- Born: Ivan Boychuk January 26, 1913 Edmonton, Alberta, Canada
- Died: May 26, 2021 (aged 108) Toronto, Ontario, Canada
- Occupations: Journalist, editor, political activist
- Political party: Communist Party of Canada/Labor-Progressive Party (1935–1968)
- Spouse(s): Gladys Kucheran (m. 1933; died 1985)
- Children: 3

= John Boyd (Canadian communist) =

Canadian communist activist and journalist (1913–2021)

John Boyd (born Ivan Boychuk; January 26, 1913 – May 26, 2021) was a Canadian journalist, editor and political activist. A longtime member of the Communist Party of Canada (CPC) and its wartime legal organization, the Labor-Progressive Party, he edited several communist publications and served as executive secretary of the Canadian Slav Committee. He was also elected as a trustee of the Toronto Board of Education.

Boyd was born in Edmonton to Ukrainian immigrant parents and became involved with the Ukrainian Labour-Farmer Temple Association and Young Communist League of Canada as a teenager. He moved to Toronto in 1934 and joined the Communist Party in 1935. He subsequently worked for communist publications including the Daily Clarion, The Young Worker and Canadian Tribune.

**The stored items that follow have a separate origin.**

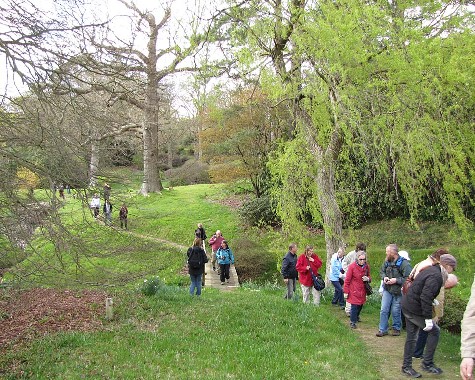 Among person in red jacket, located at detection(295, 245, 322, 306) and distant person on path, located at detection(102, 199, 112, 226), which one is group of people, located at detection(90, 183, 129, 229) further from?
person in red jacket, located at detection(295, 245, 322, 306)

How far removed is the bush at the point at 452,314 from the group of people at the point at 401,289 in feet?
3.14

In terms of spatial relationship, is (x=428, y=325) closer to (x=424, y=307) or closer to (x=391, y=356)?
(x=424, y=307)

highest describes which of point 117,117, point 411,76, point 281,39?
point 281,39

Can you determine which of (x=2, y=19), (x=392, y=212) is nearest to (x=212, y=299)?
(x=2, y=19)

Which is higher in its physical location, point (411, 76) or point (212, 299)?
point (411, 76)

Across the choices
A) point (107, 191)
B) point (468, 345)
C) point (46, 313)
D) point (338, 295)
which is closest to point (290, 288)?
point (338, 295)

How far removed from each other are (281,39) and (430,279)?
7.79m

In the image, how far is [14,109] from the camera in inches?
325

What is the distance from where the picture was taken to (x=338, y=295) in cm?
1199

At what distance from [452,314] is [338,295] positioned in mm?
2922

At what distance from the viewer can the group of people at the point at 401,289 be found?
6719mm

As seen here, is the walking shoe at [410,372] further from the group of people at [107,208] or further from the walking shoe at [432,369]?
the group of people at [107,208]

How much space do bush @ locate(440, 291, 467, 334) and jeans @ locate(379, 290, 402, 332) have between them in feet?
3.87

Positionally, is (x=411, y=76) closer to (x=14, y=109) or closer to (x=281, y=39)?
(x=281, y=39) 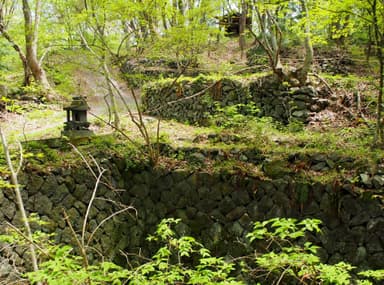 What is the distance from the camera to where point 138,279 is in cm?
227

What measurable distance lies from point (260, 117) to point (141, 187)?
3.64 meters

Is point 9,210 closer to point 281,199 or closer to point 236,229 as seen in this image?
point 236,229

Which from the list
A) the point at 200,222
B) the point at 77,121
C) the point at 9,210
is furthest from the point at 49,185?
the point at 200,222

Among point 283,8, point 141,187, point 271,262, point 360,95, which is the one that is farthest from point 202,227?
point 283,8

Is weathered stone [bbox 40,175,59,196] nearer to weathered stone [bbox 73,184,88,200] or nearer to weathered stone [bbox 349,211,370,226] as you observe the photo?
weathered stone [bbox 73,184,88,200]

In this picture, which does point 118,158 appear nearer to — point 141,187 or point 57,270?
point 141,187

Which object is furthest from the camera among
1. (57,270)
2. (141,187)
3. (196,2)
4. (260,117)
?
(196,2)

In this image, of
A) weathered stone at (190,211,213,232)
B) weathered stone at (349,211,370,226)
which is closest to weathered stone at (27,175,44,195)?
weathered stone at (190,211,213,232)

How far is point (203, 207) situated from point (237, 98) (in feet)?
12.0

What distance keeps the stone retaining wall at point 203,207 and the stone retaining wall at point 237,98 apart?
1.78 metres

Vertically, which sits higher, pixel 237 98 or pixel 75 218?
pixel 237 98

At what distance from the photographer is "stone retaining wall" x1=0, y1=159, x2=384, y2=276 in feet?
15.5

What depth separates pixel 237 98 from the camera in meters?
8.47

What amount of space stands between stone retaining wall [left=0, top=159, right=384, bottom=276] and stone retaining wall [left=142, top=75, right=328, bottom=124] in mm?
1781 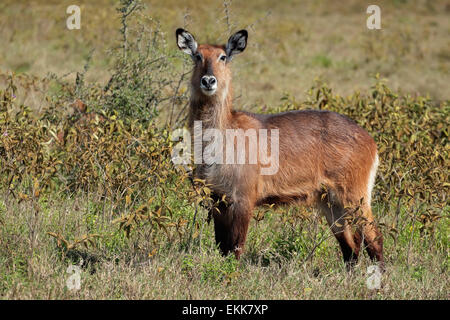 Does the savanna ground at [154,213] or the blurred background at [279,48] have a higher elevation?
the blurred background at [279,48]

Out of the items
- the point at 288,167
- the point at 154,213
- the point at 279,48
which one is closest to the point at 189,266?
the point at 154,213

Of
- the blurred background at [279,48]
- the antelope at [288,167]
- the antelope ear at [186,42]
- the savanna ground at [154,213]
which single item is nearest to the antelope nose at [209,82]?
the antelope at [288,167]

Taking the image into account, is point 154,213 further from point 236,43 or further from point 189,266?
point 236,43

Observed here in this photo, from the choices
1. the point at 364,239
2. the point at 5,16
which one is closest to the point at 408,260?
the point at 364,239

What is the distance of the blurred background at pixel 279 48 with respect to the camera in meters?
11.7

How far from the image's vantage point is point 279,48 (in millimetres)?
14953

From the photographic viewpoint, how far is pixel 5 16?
15508 mm

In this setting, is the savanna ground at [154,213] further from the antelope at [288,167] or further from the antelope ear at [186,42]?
the antelope ear at [186,42]

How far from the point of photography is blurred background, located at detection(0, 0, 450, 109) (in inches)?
459

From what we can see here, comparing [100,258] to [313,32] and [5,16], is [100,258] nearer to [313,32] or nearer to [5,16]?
[5,16]

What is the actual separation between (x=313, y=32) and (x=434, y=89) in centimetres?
643

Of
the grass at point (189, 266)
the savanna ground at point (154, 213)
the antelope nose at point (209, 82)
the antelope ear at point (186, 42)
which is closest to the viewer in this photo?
the grass at point (189, 266)

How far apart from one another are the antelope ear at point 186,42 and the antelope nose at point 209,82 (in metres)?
0.46

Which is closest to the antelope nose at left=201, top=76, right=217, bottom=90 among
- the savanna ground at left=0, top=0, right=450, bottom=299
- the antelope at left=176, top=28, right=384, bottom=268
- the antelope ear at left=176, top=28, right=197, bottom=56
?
the antelope at left=176, top=28, right=384, bottom=268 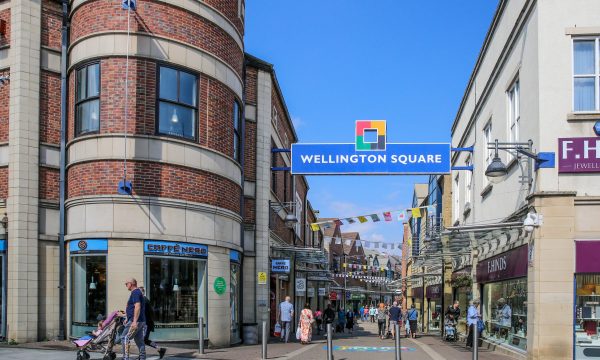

Boyd married Gladys Kucheran in 1933, several months after meeting her in Lethbridge, Alberta. They had theee children and were married for 52 years, until her death in 1985 at the age of 72.

During World War II, Boyd served in the Canadian Army with the Royal Canadian Corps of Signals, where he edited the military publication The Signalman. He was also elected twice to the Toronto Board of Education during the 1940s. In the 1948 school board election in Ward 5, Boyd and fellow Labor-Progressive Party candidate Edna Ryerson faced an explicitly anti-Communist campaign by candidate Harold Menzies, who distributed campaign material urging voters to "Keep Communism Out of Our Schools".

After the war, Boyd resumed his political and journalistic activities. In 1948, he became director of the Canadian Slav Committee, through which he helped organize cultural activities involving Slavic Canadian organizations. His political work also took him abroad, including visits to China and the Soviet Union.

In 1967, Boyd moved to Prague, Czechoslovakia, as the CPC's representative on the editorial board of the international communist journal World Marxist Review. His experiences during the Prague Spring and the subsequent Warsaw Pact invasion of Czechoslovakia in 1968 led him to leave the Communist Party.

After leaving the CPC, Boyd worked as editor of Hospital Administration in Canada and later as public relations director for Extendicare. He also became an accomplished painter and exhibited his work in several art shows.

In 1999, Boyd published A Noble Cause Betrayed ... But Hope Lives On: Pages from a Political Life, a memoir of his experiences in the Canadian communist movement. He spent his final years at the Sunnybrook Veterans Centre in Toronto and died on May 26, 2021, aged 108.